I turn off the tap and jump back onto the floor, walking to the mattress, letting my exhaustion guide me. I curl up between the sheet and the pillow, adjusting my small body to the space.

As soon as I close my eyes, exhaustion envelops me completely, plunging me into a deep, dreamless sleep.

A single thought lingers, faintly, before everything disappears:

Tomorrow, everything will be alright.

***

I wake up with a start to the sharp, insistent sound of knocking on the door. My heart is already racing before I even hear the landlord's deep, impatient voice:

"I know you're in there, Sandra.

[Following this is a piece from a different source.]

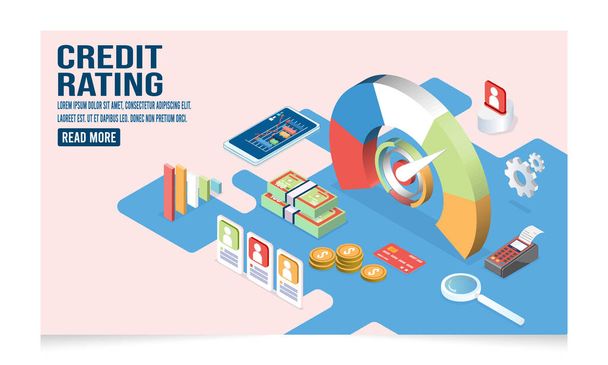 3D isometric Credit rating concept with Interest rates dropping, client decrease percen, credit information, banking Service, mortgage loan. Vector illustration eps10 - Vecteur, image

The deadline to settle your debt has passed."

My mouth opens automatically to respond, but the sound that comes out is a high-pitched, desperate meow. My body freezes. Reality hits me like an icy blow, and the memory of the previous night comes back with full force. I'm still trapped.

I'm just a cat.

Anxiety rises like a tidal wave, flooding every part of me. I try to breathe, but my lungs burn as I hyperventilate. My fur is bristling, my claws pierce the sheet, and fear flows like an uncontrollable river through my system.

"Shift," I command myself, trying to channel what I feel from my essence. I close my eyes and concentrate, but all I find is that same lock, allowing only a shred of power to pass through. Frustrated, I spin around in my own body, my mind in chaos as despair takes over.

"Consider yourself officially notified. You have thirty days to vacate the property." The landlord's muffled voice comes through the door, cold and impersonal, as he slides the eviction notice under it.

My head spins, searching for a solution.

Luther... He can help me. He's seen me in my feline form, he knows what I am. When he sees that I can't return to my form, he'll connect the dots and go after that witch to break the curse.

If I can make a call, even without saying anything, maybe he'll realise something's wrong and come to see me before we agreed.